MATERIAL TO PROCESS:

=== Section Start ===

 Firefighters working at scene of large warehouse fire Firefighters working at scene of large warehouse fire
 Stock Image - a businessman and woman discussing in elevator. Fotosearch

=== Section End ===
=== Section Start ===

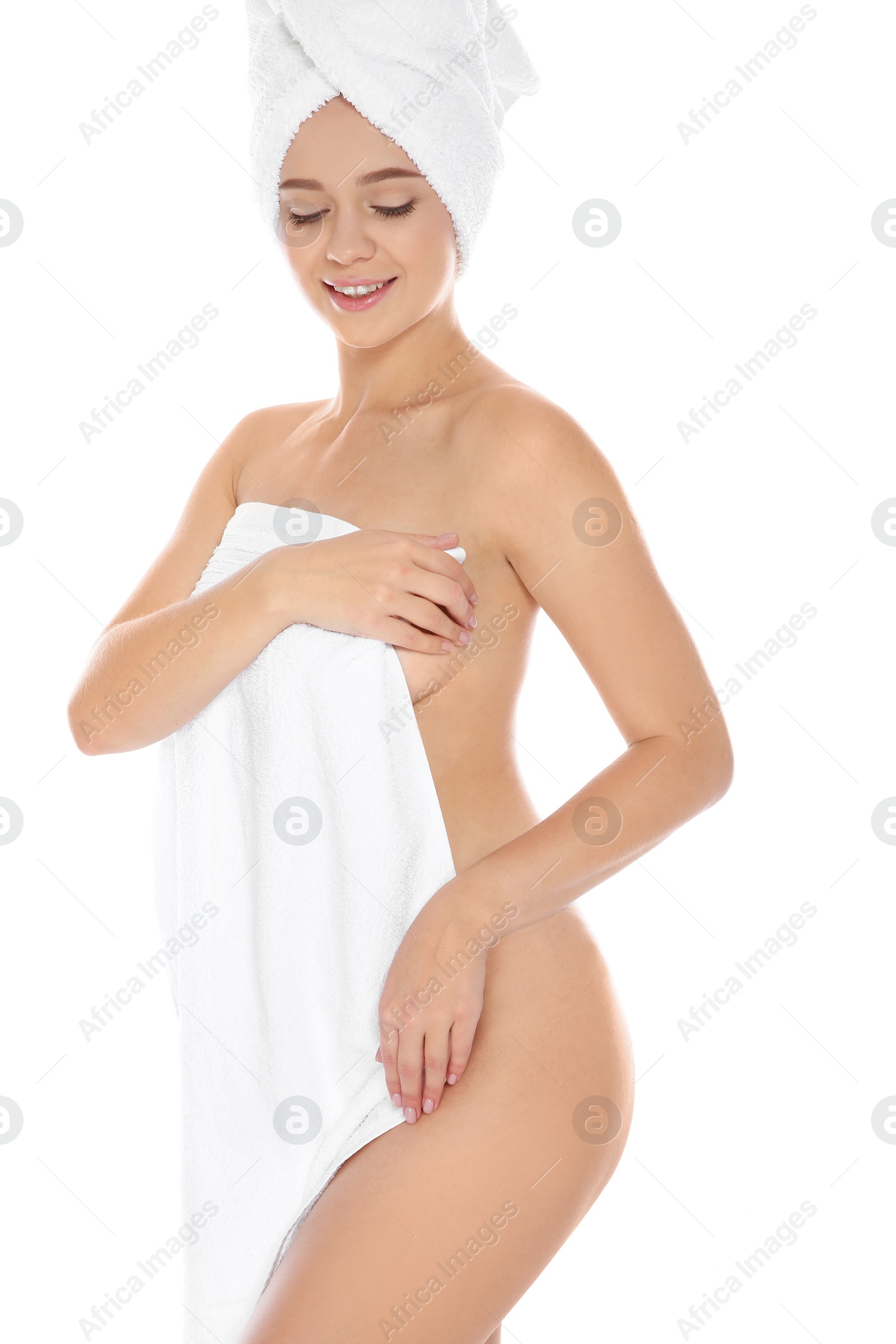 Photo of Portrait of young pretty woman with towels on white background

=== Section End ===

ACTIVITY:
Give back precisely the lines above that start at the line containing "warehouse fire Firefighters" and end at the line containing "Stock Image - a", inclusive. No other lines belong in the output.

THE COMPLETED TASK:
 Firefighters working at scene of large warehouse fire Firefighters working at scene of large warehouse fire
 Stock Image - a businessman and woman discussing in elevator. Fotosearch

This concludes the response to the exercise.